(Beginning of Dataset extract)

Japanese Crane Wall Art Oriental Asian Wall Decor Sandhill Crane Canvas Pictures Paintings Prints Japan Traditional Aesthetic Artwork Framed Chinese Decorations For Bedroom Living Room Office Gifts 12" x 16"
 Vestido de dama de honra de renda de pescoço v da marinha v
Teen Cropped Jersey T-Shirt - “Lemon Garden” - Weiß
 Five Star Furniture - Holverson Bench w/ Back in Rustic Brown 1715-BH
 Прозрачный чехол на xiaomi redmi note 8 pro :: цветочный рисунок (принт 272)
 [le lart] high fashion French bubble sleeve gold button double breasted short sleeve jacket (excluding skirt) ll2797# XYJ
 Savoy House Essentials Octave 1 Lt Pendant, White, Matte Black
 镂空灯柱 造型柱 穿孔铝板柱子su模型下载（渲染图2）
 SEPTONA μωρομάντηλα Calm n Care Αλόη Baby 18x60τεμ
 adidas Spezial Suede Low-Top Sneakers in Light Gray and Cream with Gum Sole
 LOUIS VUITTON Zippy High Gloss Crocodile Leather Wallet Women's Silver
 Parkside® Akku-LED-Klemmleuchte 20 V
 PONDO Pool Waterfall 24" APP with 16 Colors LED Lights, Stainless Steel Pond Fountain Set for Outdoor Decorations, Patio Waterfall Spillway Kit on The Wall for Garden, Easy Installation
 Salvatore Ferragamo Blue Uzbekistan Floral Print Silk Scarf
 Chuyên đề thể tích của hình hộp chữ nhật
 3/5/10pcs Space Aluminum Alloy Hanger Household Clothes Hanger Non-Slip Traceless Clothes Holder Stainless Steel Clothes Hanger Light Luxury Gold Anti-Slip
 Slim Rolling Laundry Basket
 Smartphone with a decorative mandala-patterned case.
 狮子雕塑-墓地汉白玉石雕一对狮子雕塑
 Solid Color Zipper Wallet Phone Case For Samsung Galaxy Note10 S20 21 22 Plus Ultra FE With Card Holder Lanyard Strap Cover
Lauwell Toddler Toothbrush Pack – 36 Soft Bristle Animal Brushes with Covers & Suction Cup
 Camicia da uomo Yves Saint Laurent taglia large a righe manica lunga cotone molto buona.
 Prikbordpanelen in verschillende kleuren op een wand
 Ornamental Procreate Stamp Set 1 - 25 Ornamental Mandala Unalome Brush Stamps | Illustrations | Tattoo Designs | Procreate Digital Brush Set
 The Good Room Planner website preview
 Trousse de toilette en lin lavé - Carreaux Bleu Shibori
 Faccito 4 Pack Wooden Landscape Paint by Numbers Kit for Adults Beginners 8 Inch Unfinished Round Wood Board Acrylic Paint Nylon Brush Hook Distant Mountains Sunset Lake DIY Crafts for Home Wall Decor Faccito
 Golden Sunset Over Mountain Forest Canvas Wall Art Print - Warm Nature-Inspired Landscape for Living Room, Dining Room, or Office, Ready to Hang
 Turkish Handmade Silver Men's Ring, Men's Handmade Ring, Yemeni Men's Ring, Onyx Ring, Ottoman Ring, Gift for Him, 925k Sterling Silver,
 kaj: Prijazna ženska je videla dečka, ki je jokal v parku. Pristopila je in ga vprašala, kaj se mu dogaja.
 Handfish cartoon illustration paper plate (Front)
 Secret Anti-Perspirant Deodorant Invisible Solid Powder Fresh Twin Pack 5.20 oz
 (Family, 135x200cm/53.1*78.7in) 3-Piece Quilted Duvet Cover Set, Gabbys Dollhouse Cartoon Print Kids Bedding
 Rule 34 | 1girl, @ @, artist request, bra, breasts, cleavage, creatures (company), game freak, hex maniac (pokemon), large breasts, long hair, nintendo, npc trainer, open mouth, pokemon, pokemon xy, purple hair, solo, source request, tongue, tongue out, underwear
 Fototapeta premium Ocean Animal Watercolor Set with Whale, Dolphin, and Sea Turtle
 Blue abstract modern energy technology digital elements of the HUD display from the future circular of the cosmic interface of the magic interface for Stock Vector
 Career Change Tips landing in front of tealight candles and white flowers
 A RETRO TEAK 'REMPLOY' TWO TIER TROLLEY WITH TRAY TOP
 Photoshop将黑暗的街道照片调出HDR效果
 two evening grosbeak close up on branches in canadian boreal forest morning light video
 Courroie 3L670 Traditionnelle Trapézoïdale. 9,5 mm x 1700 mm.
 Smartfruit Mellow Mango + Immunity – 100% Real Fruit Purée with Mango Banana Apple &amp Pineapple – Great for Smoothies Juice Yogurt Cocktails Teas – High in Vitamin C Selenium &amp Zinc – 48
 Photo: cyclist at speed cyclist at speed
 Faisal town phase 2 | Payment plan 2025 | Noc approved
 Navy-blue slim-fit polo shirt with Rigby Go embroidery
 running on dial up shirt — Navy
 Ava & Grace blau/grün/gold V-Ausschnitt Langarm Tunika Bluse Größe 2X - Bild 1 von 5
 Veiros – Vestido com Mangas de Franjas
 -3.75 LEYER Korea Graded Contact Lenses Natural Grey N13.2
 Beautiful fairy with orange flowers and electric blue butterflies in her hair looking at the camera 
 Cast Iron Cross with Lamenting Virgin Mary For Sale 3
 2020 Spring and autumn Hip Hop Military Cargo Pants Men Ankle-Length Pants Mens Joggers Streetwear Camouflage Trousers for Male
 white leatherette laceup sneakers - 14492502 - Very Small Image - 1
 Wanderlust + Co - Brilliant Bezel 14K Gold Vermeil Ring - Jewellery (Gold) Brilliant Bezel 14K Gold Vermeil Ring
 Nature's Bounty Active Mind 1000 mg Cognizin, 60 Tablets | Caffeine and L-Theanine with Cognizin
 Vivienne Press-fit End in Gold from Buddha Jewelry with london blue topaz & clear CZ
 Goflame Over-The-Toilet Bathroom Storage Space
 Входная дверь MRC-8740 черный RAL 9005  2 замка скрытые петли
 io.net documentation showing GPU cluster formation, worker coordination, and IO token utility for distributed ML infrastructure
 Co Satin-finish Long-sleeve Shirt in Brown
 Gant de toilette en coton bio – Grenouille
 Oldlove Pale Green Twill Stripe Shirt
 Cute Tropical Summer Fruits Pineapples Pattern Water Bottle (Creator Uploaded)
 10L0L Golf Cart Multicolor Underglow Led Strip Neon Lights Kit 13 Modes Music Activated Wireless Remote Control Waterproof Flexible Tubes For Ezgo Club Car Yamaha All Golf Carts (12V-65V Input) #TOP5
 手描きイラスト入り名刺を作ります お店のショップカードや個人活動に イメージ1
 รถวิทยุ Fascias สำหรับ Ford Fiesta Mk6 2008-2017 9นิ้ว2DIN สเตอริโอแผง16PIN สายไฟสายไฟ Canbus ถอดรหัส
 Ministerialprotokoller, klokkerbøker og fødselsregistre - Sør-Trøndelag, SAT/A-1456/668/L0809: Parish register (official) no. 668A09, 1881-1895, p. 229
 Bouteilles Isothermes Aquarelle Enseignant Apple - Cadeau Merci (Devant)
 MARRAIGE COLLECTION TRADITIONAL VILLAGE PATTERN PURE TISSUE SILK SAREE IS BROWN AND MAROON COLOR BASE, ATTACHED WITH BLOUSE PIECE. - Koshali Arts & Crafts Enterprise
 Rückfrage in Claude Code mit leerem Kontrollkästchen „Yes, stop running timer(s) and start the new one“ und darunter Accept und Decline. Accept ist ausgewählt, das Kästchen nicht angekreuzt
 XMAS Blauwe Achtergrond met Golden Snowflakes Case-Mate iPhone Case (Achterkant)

(End of Dataset extract)

=== Work request ===
Each record has to be given again exactly as written.

=== Answer to this exercise ===
Japanese Crane Wall Art Oriental Asian Wall Decor Sandhill Crane Canvas Pictures Paintings Prints Japan Traditional Aesthetic Artwork Framed Chinese Decorations For Bedroom Living Room Office Gifts 12" x 16"
 Vestido de dama de honra de renda de pescoço v da marinha v
Teen Cropped Jersey T-Shirt - “Lemon Garden” - Weiß
 Five Star Furniture - Holverson Bench w/ Back in Rustic Brown 1715-BH
 Прозрачный чехол на xiaomi redmi note 8 pro :: цветочный рисунок (принт 272)
 [le lart] high fashion French bubble sleeve gold button double breasted short sleeve jacket (excluding skirt) ll2797# XYJ
 Savoy House Essentials Octave 1 Lt Pendant, White, Matte Black
 镂空灯柱 造型柱 穿孔铝板柱子su模型下载（渲染图2）
 SEPTONA μωρομάντηλα Calm n Care Αλόη Baby 18x60τεμ
 adidas Spezial Suede Low-Top Sneakers in Light Gray and Cream with Gum Sole
 LOUIS VUITTON Zippy High Gloss Crocodile Leather Wallet Women's Silver
 Parkside® Akku-LED-Klemmleuchte 20 V
 PONDO Pool Waterfall 24" APP with 16 Colors LED Lights, Stainless Steel Pond Fountain Set for Outdoor Decorations, Patio Waterfall Spillway Kit on The Wall for Garden, Easy Installation
 Salvatore Ferragamo Blue Uzbekistan Floral Print Silk Scarf
 Chuyên đề thể tích của hình hộp chữ nhật
 3/5/10pcs Space Aluminum Alloy Hanger Household Clothes Hanger Non-Slip Traceless Clothes Holder Stainless Steel Clothes Hanger Light Luxury Gold Anti-Slip
 Slim Rolling Laundry Basket
 Smartphone with a decorative mandala-patterned case.
 狮子雕塑-墓地汉白玉石雕一对狮子雕塑
 Solid Color Zipper Wallet Phone Case For Samsung Galaxy Note10 S20 21 22 Plus Ultra FE With Card Holder Lanyard Strap Cover
Lauwell Toddler Toothbrush Pack – 36 Soft Bristle Animal Brushes with Covers & Suction Cup
 Camicia da uomo Yves Saint Laurent taglia large a righe manica lunga cotone molto buona.
 Prikbordpanelen in verschillende kleuren op een wand
 Ornamental Procreate Stamp Set 1 - 25 Ornamental Mandala Unalome Brush Stamps | Illustrations | Tattoo Designs | Procreate Digital Brush Set
 The Good Room Planner website preview
 Trousse de toilette en lin lavé - Carreaux Bleu Shibori
 Faccito 4 Pack Wooden Landscape Paint by Numbers Kit for Adults Beginners 8 Inch Unfinished Round Wood Board Acrylic Paint Nylon Brush Hook Distant Mountains Sunset Lake DIY Crafts for Home Wall Decor Faccito
 Golden Sunset Over Mountain Forest Canvas Wall Art Print - Warm Nature-Inspired Landscape for Living Room, Dining Room, or Office, Ready to Hang
 Turkish Handmade Silver Men's Ring, Men's Handmade Ring, Yemeni Men's Ring, Onyx Ring, Ottoman Ring, Gift for Him, 925k Sterling Silver,
 kaj: Prijazna ženska je videla dečka, ki je jokal v parku. Pristopila je in ga vprašala, kaj se mu dogaja.
 Handfish cartoon illustration paper plate (Front)
 Secret Anti-Perspirant Deodorant Invisible Solid Powder Fresh Twin Pack 5.20 oz
 (Family, 135x200cm/53.1*78.7in) 3-Piece Quilted Duvet Cover Set, Gabbys Dollhouse Cartoon Print Kids Bedding
 Rule 34 | 1girl, @ @, artist request, bra, breasts, cleavage, creatures (company), game freak, hex maniac (pokemon), large breasts, long hair, nintendo, npc trainer, open mouth, pokemon, pokemon xy, purple hair, solo, source request, tongue, tongue out, underwear
 Fototapeta premium Ocean Animal Watercolor Set with Whale, Dolphin, and Sea Turtle
 Blue abstract modern energy technology digital elements of the HUD display from the future circular of the cosmic interface of the magic interface for Stock Vector
 Career Change Tips landing in front of tealight candles and white flowers
 A RETRO TEAK 'REMPLOY' TWO TIER TROLLEY WITH TRAY TOP
 Photoshop将黑暗的街道照片调出HDR效果
 two evening grosbeak close up on branches in canadian boreal forest morning light video
 Courroie 3L670 Traditionnelle Trapézoïdale. 9,5 mm x 1700 mm.
 Smartfruit Mellow Mango + Immunity – 100% Real Fruit Purée with Mango Banana Apple &amp Pineapple – Great for Smoothies Juice Yogurt Cocktails Teas – High in Vitamin C Selenium &amp Zinc – 48
 Photo: cyclist at speed cyclist at speed
 Faisal town phase 2 | Payment plan 2025 | Noc approved
 Navy-blue slim-fit polo shirt with Rigby Go embroidery
 running on dial up shirt — Navy
 Ava & Grace blau/grün/gold V-Ausschnitt Langarm Tunika Bluse Größe 2X - Bild 1 von 5
 Veiros – Vestido com Mangas de Franjas
 -3.75 LEYER Korea Graded Contact Lenses Natural Grey N13.2
 Beautiful fairy with orange flowers and electric blue butterflies in her hair looking at the camera 
 Cast Iron Cross with Lamenting Virgin Mary For Sale 3
 2020 Spring and autumn Hip Hop Military Cargo Pants Men Ankle-Length Pants Mens Joggers Streetwear Camouflage Trousers for Male
 white leatherette laceup sneakers - 14492502 - Very Small Image - 1
 Wanderlust + Co - Brilliant Bezel 14K Gold Vermeil Ring - Jewellery (Gold) Brilliant Bezel 14K Gold Vermeil Ring
 Nature's Bounty Active Mind 1000 mg Cognizin, 60 Tablets | Caffeine and L-Theanine with Cognizin
 Vivienne Press-fit End in Gold from Buddha Jewelry with london blue topaz & clear CZ
 Goflame Over-The-Toilet Bathroom Storage Space
 Входная дверь MRC-8740 черный RAL 9005  2 замка скрытые петли
 io.net documentation showing GPU cluster formation, worker coordination, and IO token utility for distributed ML infrastructure
 Co Satin-finish Long-sleeve Shirt in Brown
 Gant de toilette en coton bio – Grenouille
 Oldlove Pale Green Twill Stripe Shirt
 Cute Tropical Summer Fruits Pineapples Pattern Water Bottle (Creator Uploaded)
 10L0L Golf Cart Multicolor Underglow Led Strip Neon Lights Kit 13 Modes Music Activated Wireless Remote Control Waterproof Flexible Tubes For Ezgo Club Car Yamaha All Golf Carts (12V-65V Input) #TOP5
 手描きイラスト入り名刺を作ります お店のショップカードや個人活動に イメージ1
 รถวิทยุ Fascias สำหรับ Ford Fiesta Mk6 2008-2017 9นิ้ว2DIN สเตอริโอแผง16PIN สายไฟสายไฟ Canbus ถอดรหัส
 Ministerialprotokoller, klokkerbøker og fødselsregistre - Sør-Trøndelag, SAT/A-1456/668/L0809: Parish register (official) no. 668A09, 1881-1895, p. 229
 Bouteilles Isothermes Aquarelle Enseignant Apple - Cadeau Merci (Devant)
 MARRAIGE COLLECTION TRADITIONAL VILLAGE PATTERN PURE TISSUE SILK SAREE IS BROWN AND MAROON COLOR BASE, ATTACHED WITH BLOUSE PIECE. - Koshali Arts & Crafts Enterprise
 Rückfrage in Claude Code mit leerem Kontrollkästchen „Yes, stop running timer(s) and start the new one“ und darunter Accept und Decline. Accept ist ausgewählt, das Kästchen nicht angekreuzt
 XMAS Blauwe Achtergrond met Golden Snowflakes Case-Mate iPhone Case (Achterkant)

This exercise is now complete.